Entramos a la casa, y ahí lo vi por primera vez. Un hombre alto, imponente, con un largo pelo rubio, una barba y ojos azules, tendría calculo yo, en ese tiempo, unos 35 o algo más de edad. No recuerdo el detalle de la reunión, pero sí algo insólito que ocurrió aquella vez: llevábamos ya bastante rato en la conversación y de pronto me percato que en un rincón de la habitación había otra persona, muy quieta en la oscuridad, fumando un cigarro. Era Gabriel, el compañero de Jaime, que había llegado con él. Un hombre callado, de mirada inquietante, moreno, también de porte imponente. Desde una perspectiva de adolescente ambos hombres construían un cuadro bastante perturbador, pero hoy día los percibo como personajes de un cuento que más tarde abriría páginas maravillosas en nuestras vidas. Jaime Silva era un maestro de aquellos que con su sabiduría y estilo marcan huellas profundas. Su amor al teatro, su tremenda habilidad de traspasar conocimientos y hacerte sentirte cómoda a la hora de interpretar un rol. Los ensayos con él eran una experiencia en la que nos sumergíamos sin tiempos ni apuros. El mundo externo quedaba fuera de inmediato y las horas pasaban sin darnos cuenta. Tuve la suerte de compartir escenario con él cuando montamos La Carroza del Santo Sacramento de Próspero Merimée, yo en el rol de Camila Perricholi, y él como marido. Al comienzo sentía un poco de pudor, pero luego fue una experiencia fantástica.

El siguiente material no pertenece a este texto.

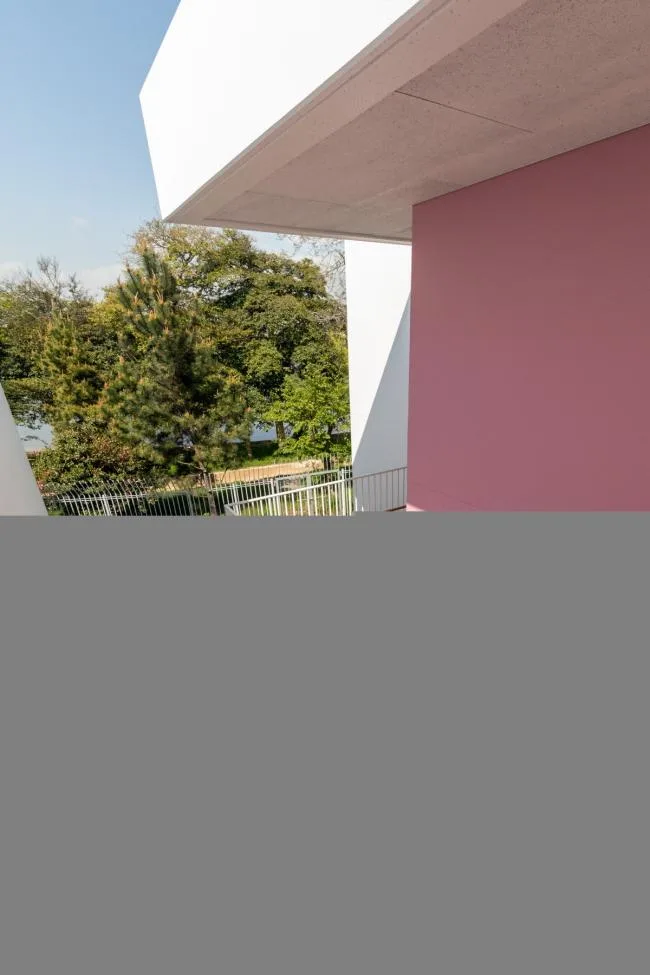 BIM建筑|彩色连廊穿插于白色体量间的湖畔丛林幼儿园 / 竹中工务店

Jaime nos llamaba «las lolas», por nuestra juventud, y tenía la paciencia de pasar por alto pequeñas conductas propias de la edad. Cuando fuimos de gira a Santiago con el Oratorio Escénico 1850 en plena dictadura, embarcó a todos en la Pingüina, la micro amarilla de la universidad, pero tuvo la gentileza de protegernos de aquello y consiguieron un avión pequeño que nos trasladó a Santiago. Como llegamos antes, nos trasladamos al Teatro Municipal y tras largas horas de espera, sin entender que ocurría, porque no llegaban, nos comentan que los habían llevado detenidos por circular en toque de queda. Él era capaz de salir de todas esas situaciones, siempre con una sonrisa. Jaime Silva era un animal de teatro, como son muy pocos. Años más tarde y él ya de regreso de un autoexilio en España y Canadá, ya bastante mayor, me sorprendió verlo trabajando en Santiago con una sobrecarga enorme. Su regreso a Chile no estuvo exento de sinsabores. Se le vinculó injustamente como colaborador al régimen de Pinochet. Cosa que no fue así, su decisión de seguir trabajando y venirse al sur de Chile en esos tiempos, sólo respondió al enorme amor que sentía por el teatro, por un teatro «vivo», a pesar de todo.
Margarita Poseck Menz
- «Matita» era el sobrenombre cariñoso de esa maravillosa mujer llamada Matilde Romo.